Exercise: In the entries below, repeat only the lines between those holding "Mary Valencia se" and "Diesel Tshirts and", inclusive. Leave pictures out.

Source data:
----

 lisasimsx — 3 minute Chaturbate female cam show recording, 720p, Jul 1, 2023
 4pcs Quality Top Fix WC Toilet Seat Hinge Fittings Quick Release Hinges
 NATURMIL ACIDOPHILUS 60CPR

----

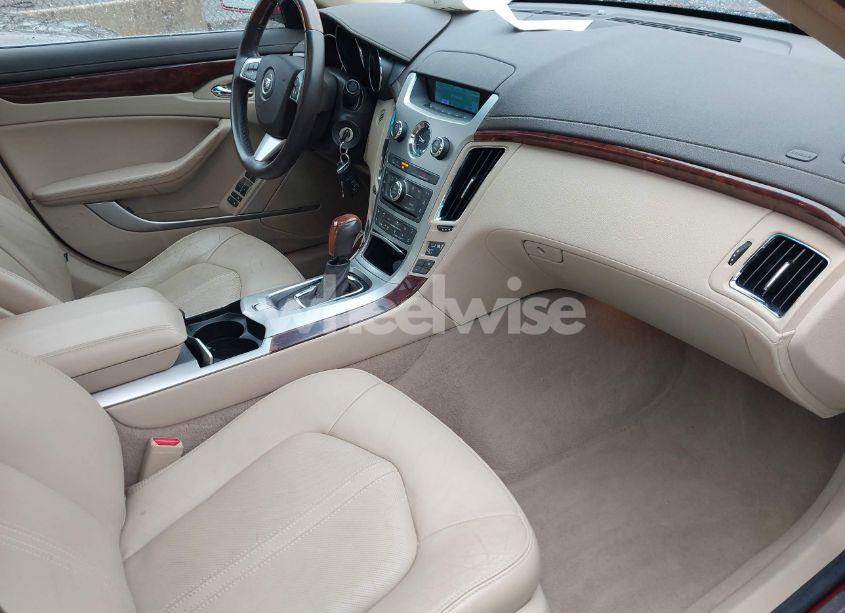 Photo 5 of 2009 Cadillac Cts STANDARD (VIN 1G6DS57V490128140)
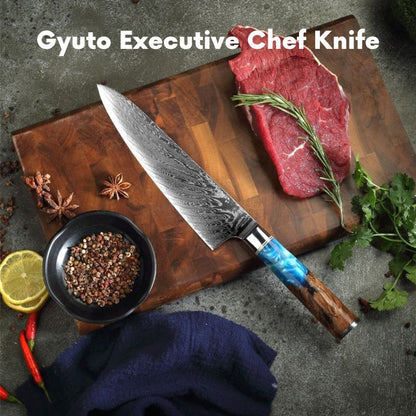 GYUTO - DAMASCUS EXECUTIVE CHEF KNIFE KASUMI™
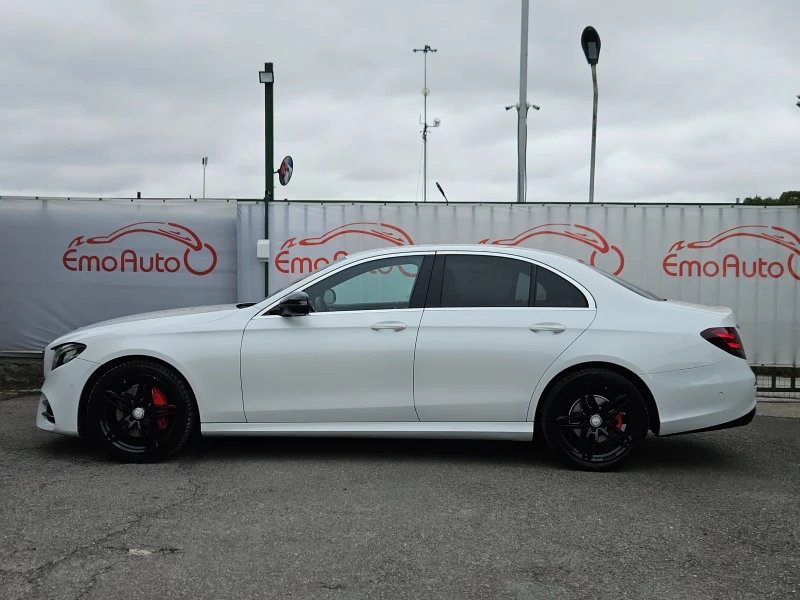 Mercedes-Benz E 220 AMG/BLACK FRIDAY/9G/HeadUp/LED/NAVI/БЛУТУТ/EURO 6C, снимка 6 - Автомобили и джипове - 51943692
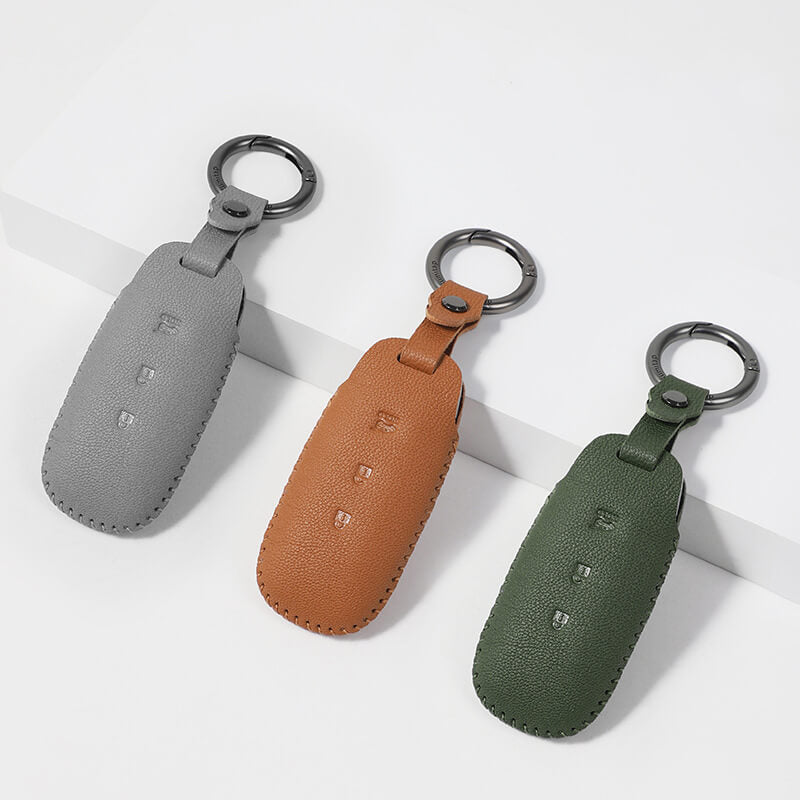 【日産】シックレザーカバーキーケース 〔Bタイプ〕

----

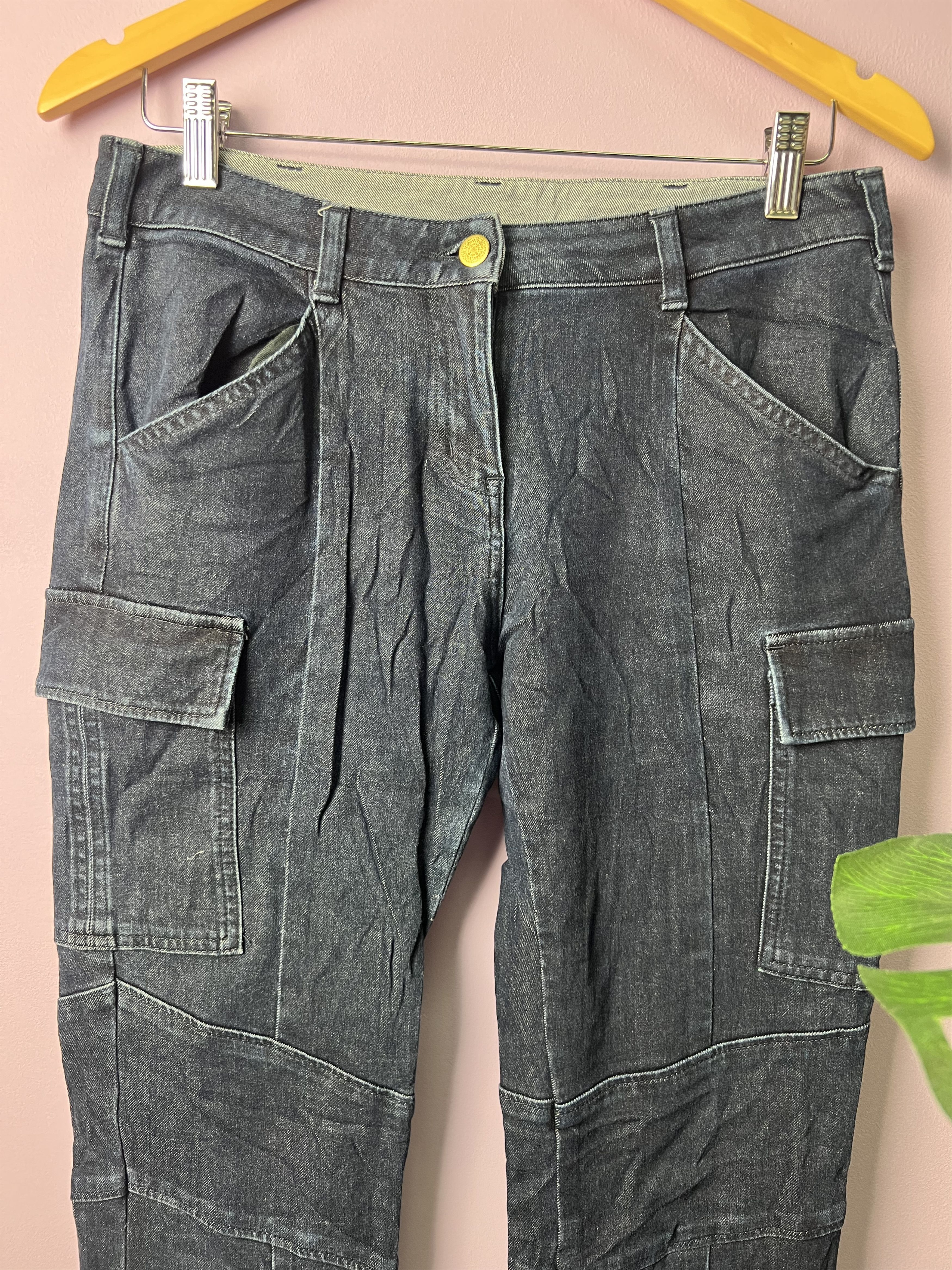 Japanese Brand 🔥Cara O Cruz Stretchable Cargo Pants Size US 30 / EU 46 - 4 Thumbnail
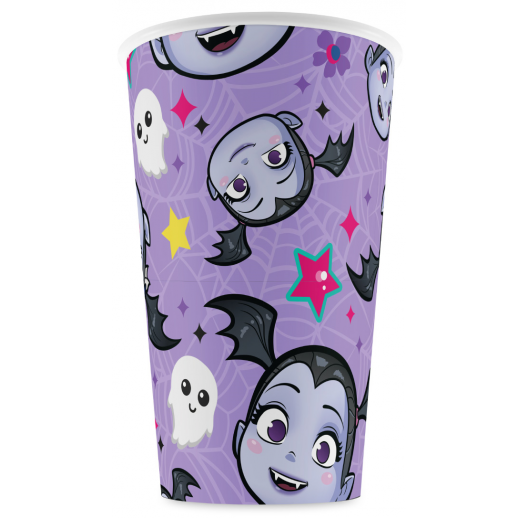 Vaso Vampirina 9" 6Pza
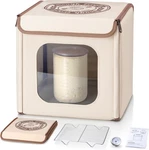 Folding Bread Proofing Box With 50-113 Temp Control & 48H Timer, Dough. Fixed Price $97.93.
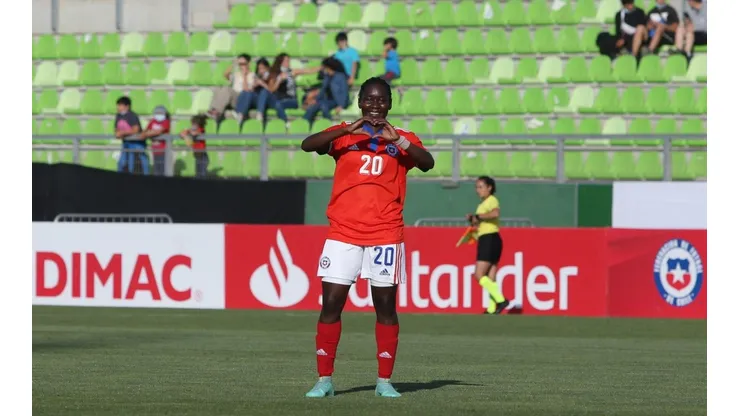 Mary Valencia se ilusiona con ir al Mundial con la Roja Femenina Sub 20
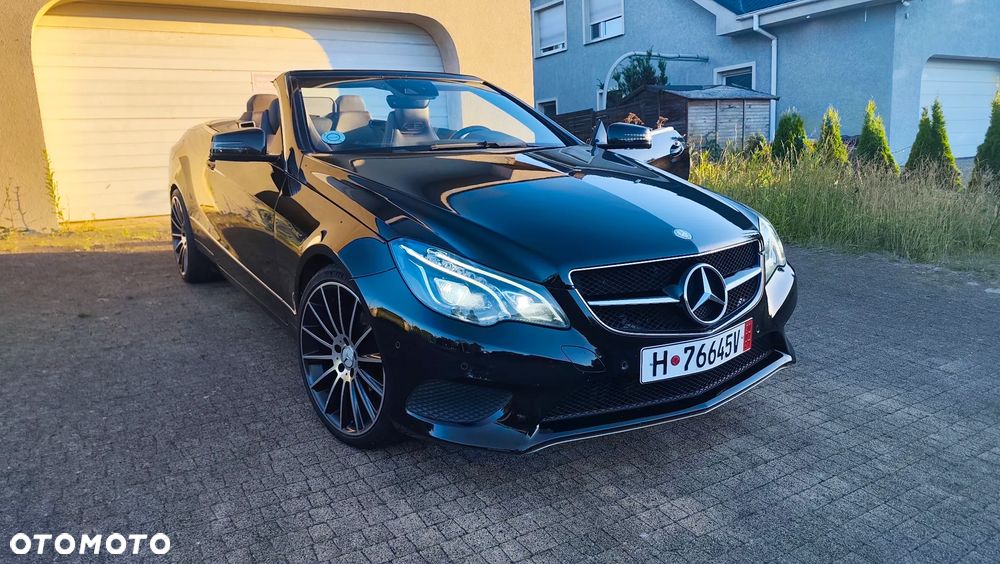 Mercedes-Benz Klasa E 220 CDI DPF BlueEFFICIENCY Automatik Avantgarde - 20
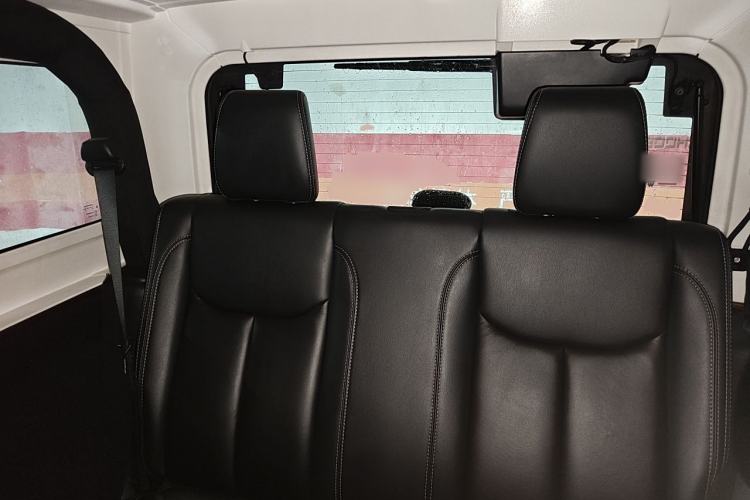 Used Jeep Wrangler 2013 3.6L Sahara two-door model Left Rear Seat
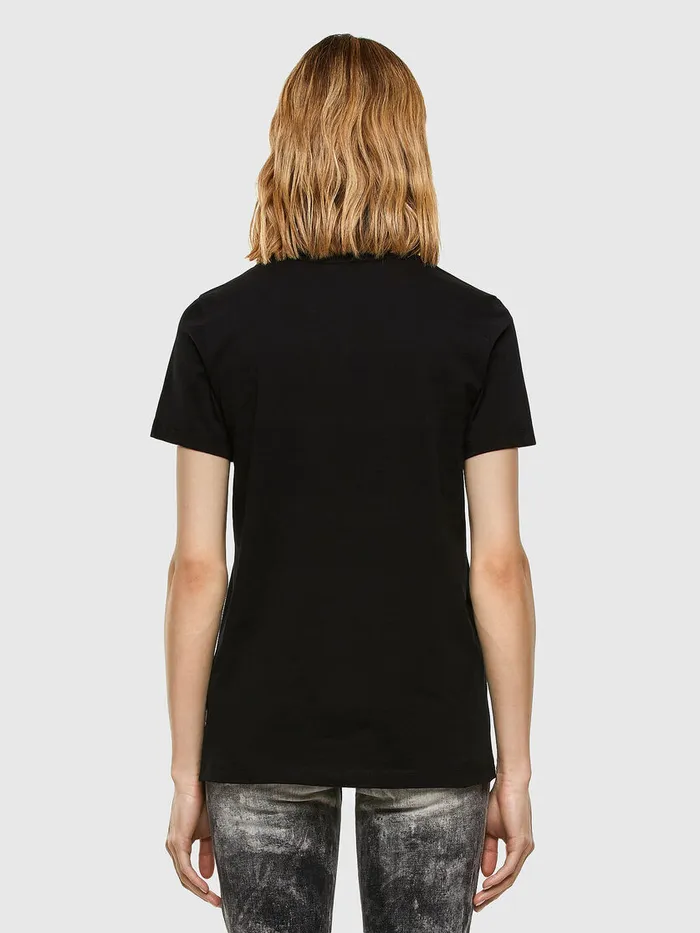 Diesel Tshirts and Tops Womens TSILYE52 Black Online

----

Completed exercise:
 Mary Valencia se ilusiona con ir al Mundial con la Roja Femenina Sub 20
 Mercedes-Benz Klasa E 220 CDI DPF BlueEFFICIENCY Automatik Avantgarde - 20
 Used Jeep Wrangler 2013 3.6L Sahara two-door model Left Rear Seat
 Diesel Tshirts and Tops Womens TSILYE52 Black Online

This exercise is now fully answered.